:: EXERCISE DATA ::

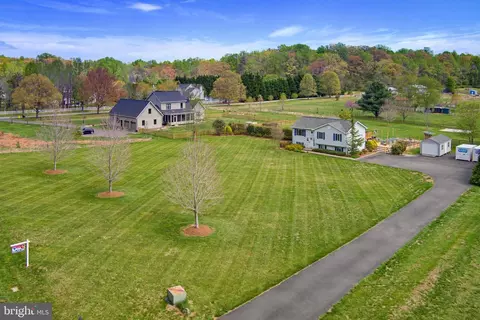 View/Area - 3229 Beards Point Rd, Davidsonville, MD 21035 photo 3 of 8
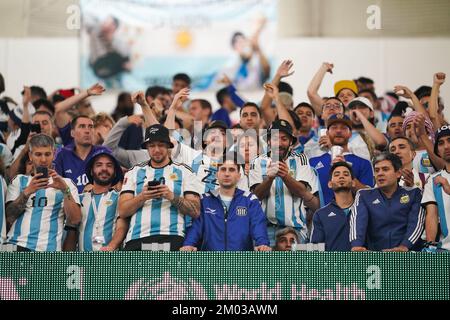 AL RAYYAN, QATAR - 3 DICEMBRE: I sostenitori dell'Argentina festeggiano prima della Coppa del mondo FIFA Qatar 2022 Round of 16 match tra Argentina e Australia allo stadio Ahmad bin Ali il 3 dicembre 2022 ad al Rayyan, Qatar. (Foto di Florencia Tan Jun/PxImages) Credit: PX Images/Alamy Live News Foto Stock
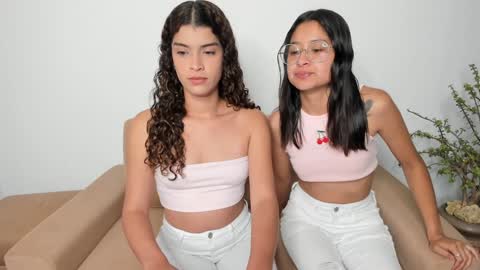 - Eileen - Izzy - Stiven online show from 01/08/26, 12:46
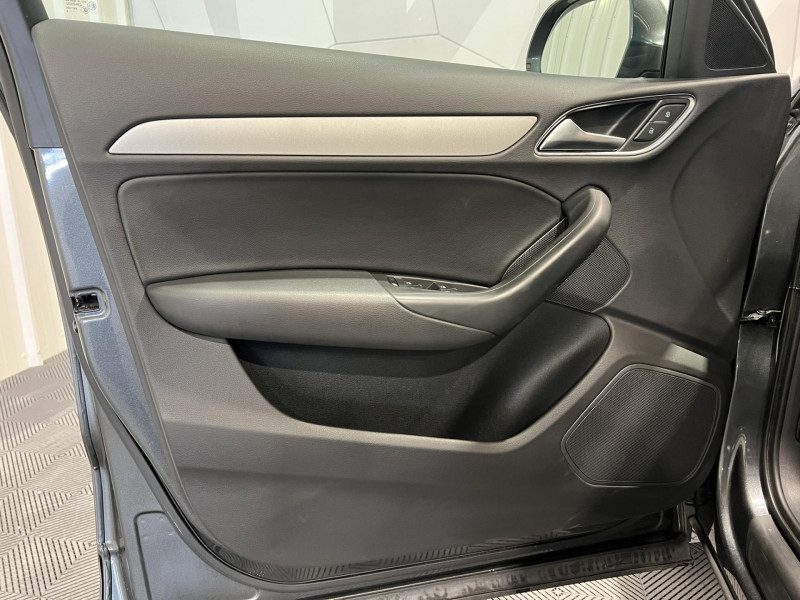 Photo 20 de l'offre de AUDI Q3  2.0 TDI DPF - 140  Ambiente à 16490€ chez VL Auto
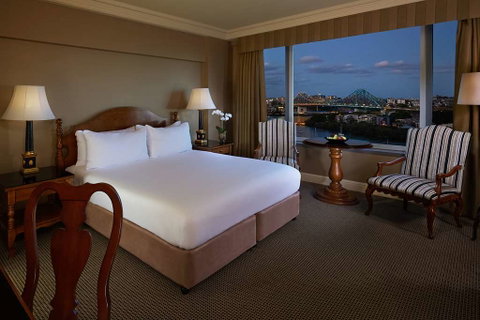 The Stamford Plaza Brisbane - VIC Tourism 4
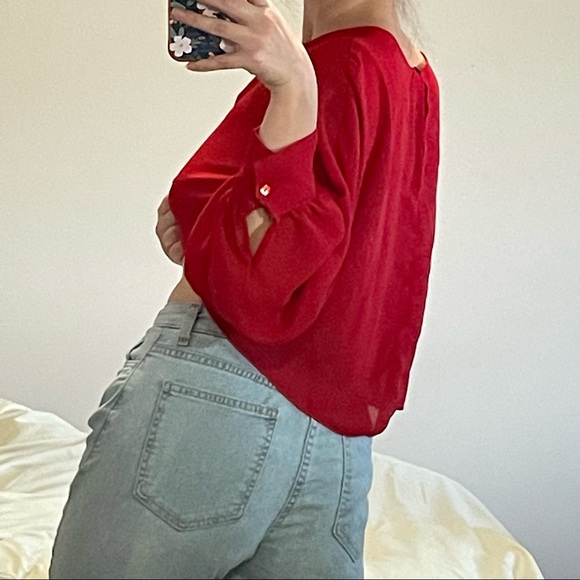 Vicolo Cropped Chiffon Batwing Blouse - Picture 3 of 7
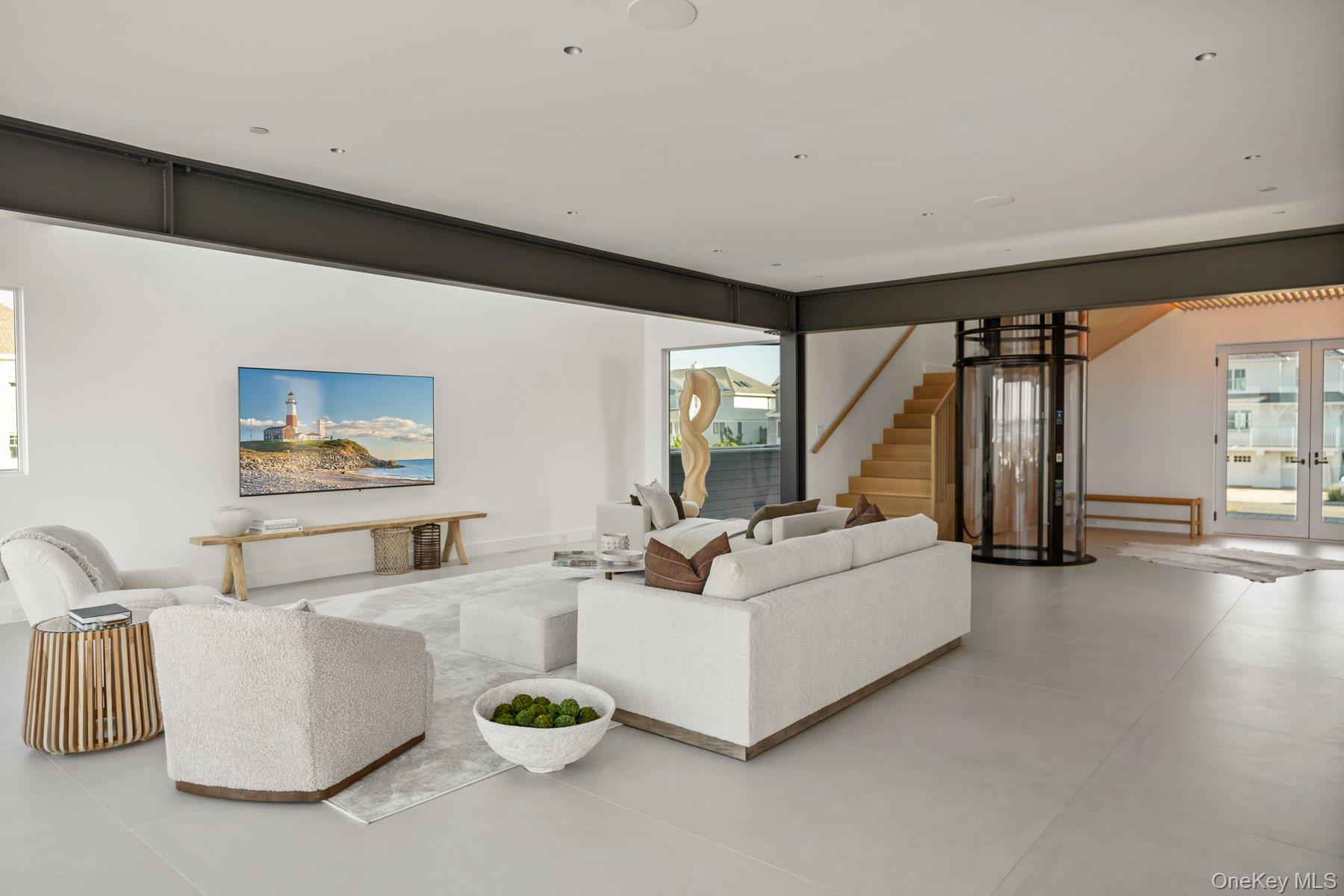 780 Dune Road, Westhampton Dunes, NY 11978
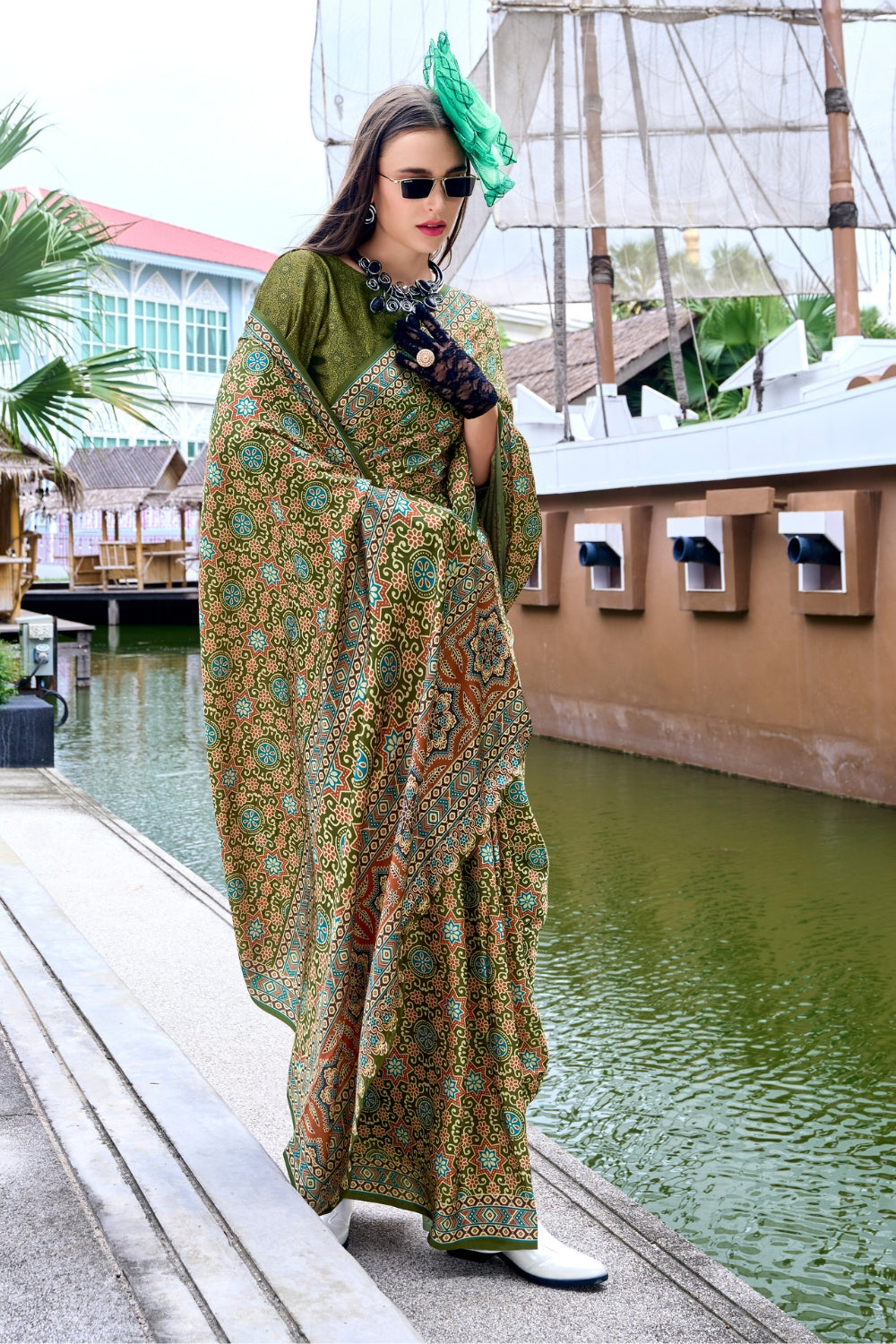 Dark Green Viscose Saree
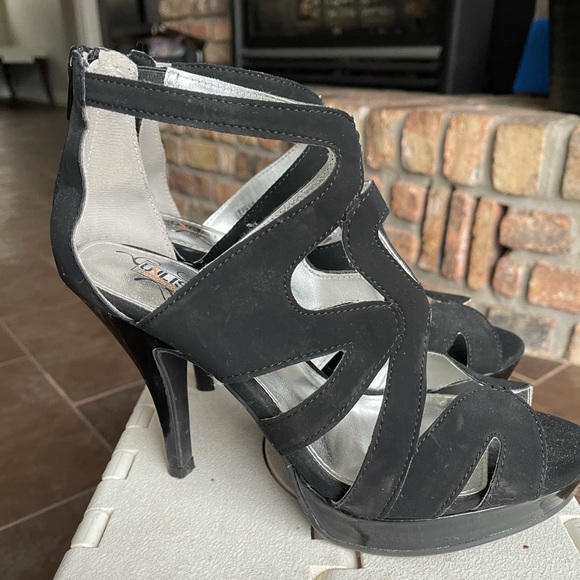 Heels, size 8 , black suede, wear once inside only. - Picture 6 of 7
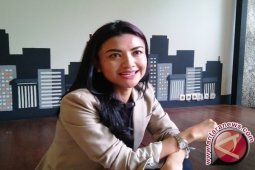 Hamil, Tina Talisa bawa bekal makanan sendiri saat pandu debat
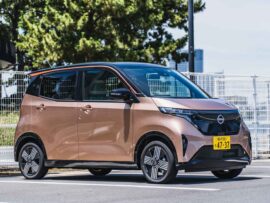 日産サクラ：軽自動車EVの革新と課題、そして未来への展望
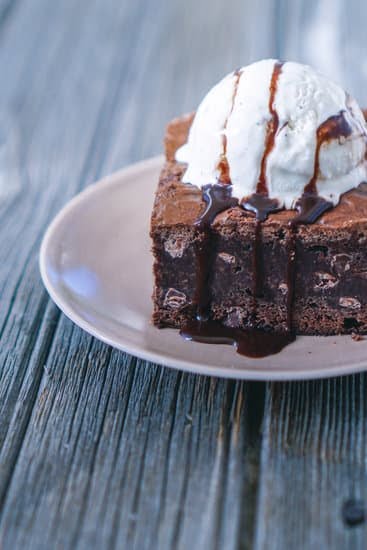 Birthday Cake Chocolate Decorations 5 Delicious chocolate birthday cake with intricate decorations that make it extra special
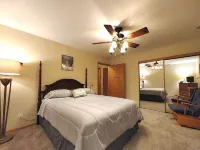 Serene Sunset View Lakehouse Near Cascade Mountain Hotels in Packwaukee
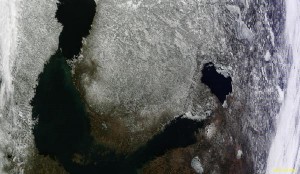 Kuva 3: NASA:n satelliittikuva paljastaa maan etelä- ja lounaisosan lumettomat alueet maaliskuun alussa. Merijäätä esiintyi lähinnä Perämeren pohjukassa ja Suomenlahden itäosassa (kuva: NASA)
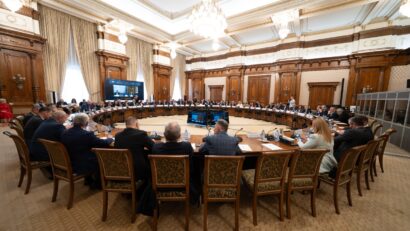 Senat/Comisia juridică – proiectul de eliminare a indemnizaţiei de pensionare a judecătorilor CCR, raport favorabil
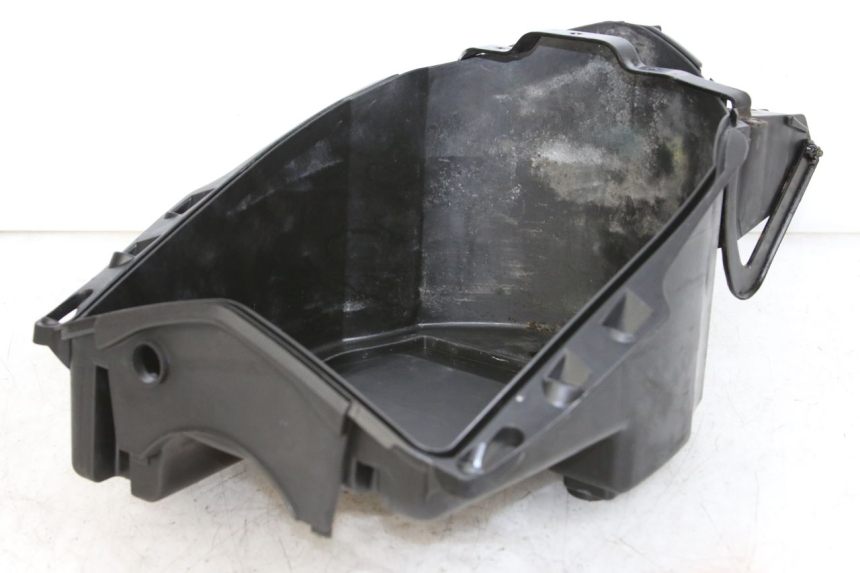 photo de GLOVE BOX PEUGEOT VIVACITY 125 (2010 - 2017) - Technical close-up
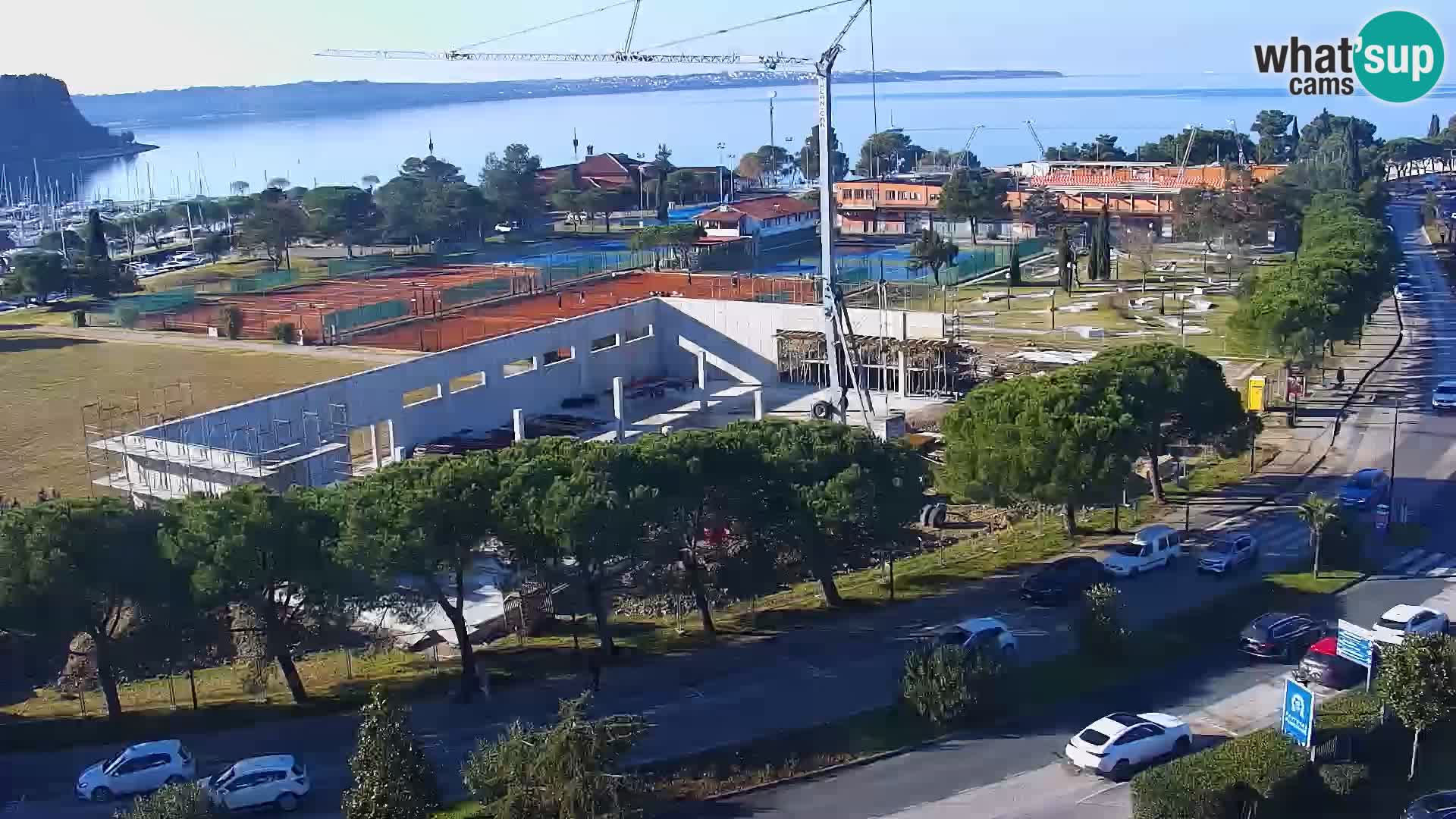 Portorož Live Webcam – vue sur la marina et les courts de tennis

:::

> [ASSIGNMENT]: The lines from the start of the records above through the line that holds "Kuva 3: NASA:n" are to be copied exactly, both ends included, and no pictures are to be copied.

> [WRITTEN REPLY]:
 View/Area - 3229 Beards Point Rd, Davidsonville, MD 21035 photo 3 of 8
 AL RAYYAN, QATAR - 3 DICEMBRE: I sostenitori dell'Argentina festeggiano prima della Coppa del mondo FIFA Qatar 2022 Round of 16 match tra Argentina e Australia allo stadio Ahmad bin Ali il 3 dicembre 2022 ad al Rayyan, Qatar. (Foto di Florencia Tan Jun/PxImages) Credit: PX Images/Alamy Live News Foto Stock
 - Eileen - Izzy - Stiven online show from 01/08/26, 12:46
 Photo 20 de l'offre de AUDI Q3  2.0 TDI DPF - 140  Ambiente à 16490€ chez VL Auto
 The Stamford Plaza Brisbane - VIC Tourism 4
 Vicolo Cropped Chiffon Batwing Blouse - Picture 3 of 7
 780 Dune Road, Westhampton Dunes, NY 11978
 Dark Green Viscose Saree
 Heels, size 8 , black suede, wear once inside only. - Picture 6 of 7
 Hamil, Tina Talisa bawa bekal makanan sendiri saat pandu debat
 日産サクラ：軽自動車EVの革新と課題、そして未来への展望
 Birthday Cake Chocolate Decorations 5 Delicious chocolate birthday cake with intricate decorations that make it extra special
 Serene Sunset View Lakehouse Near Cascade Mountain Hotels in Packwaukee
 Kuva 3: NASA:n satelliittikuva paljastaa maan etelä- ja lounaisosan lumettomat alueet maaliskuun alussa. Merijäätä esiintyi lähinnä Perämeren pohjukassa ja Suomenlahden itäosassa (kuva: NASA)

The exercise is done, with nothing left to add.